To himself, he was "the greatest columnist in the world". To Princess Margaret's lover Roddy Llewellyn he was "charming" because "no one can resist a cad." To Tim Willis, he was "both snob and iconoclast", which is restrained, as he once "came on pretty strong" to Mrs Willis when they had him round for dinner.

The late Nigel Dempster was for three decades our best-known gossip columnist. His page appeared every day in the Daily Mail. Even the resignation of his deputy after 16 years was heralded on the front page of the Mirror, though naturally their public fist-fight helped put it there.

He was the hack who pointed the flying fickle finger of fame at the upper classes: one of the first to hint at trouble in the Charles-Di marriage and at the friendship between Al Fayed and the royal family. He was the first to print the story about (the married) Norman Lamont, MP and soon-to-be Chancellor of the Exchequer, receiving a black eye from a rival for a lady – a Lady with a capital L, like so many in his column.

His columns made up a kind of newsletter for minor aristocracy and for readers fascinated by folk with double-barrelled names. Fortunately, this biography is far more interesting than practically anything written by the great columnist himself. Or, indeed, not written.

A Punch article of mine once revealed (as Dempster would have put it) that during his lengthy absences his column was put together by his long-suffering team of under-hacks. He came round with a letter which tortuously explained that he was pretty hands-on. It gratifies me to learn that Dempster did indeed work for the Mail a mere 32 weeks a year, for what was said to be £300,000.

Private Eye paid a only tiny fraction of that sum for his contributions to its "Grovel" slot, but for him this was a useful way of testing the waters anonymously with iffy stories, such as rude items about his own proprietor. This sounds like living dangerously but, as his colleague Peter McKay put it, "Dempster would stab himself in the back for the sake of a good story."

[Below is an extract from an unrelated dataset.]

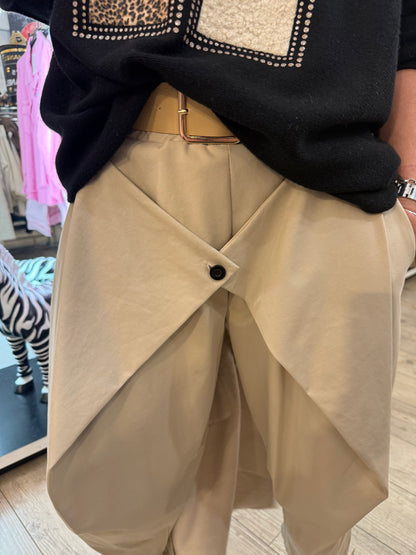 Pantalon Haven beige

The account of the booze-fuelled feud with the Eye is less convincing than that given in Harry Thompson's biography of Richard Ingrams, but still highly entertaining. However, sticklers for royal protocol will wince when they read that Lord Gnome's nickname for Her Majesty is "Glenda". It is of course "Brenda".

Drink was blamed for Dempster's appalling behaviour, but Willis attributes at least some of it PSP, the progressive supranuclear palsy from which he suffered. "Nigel may spend a million years in purgatory," declared the Catholic priest at his funeral. It was meant kindly, since this is a short time compared to eternity, but it seems a bit hard, even if you don't like gossip columnists much.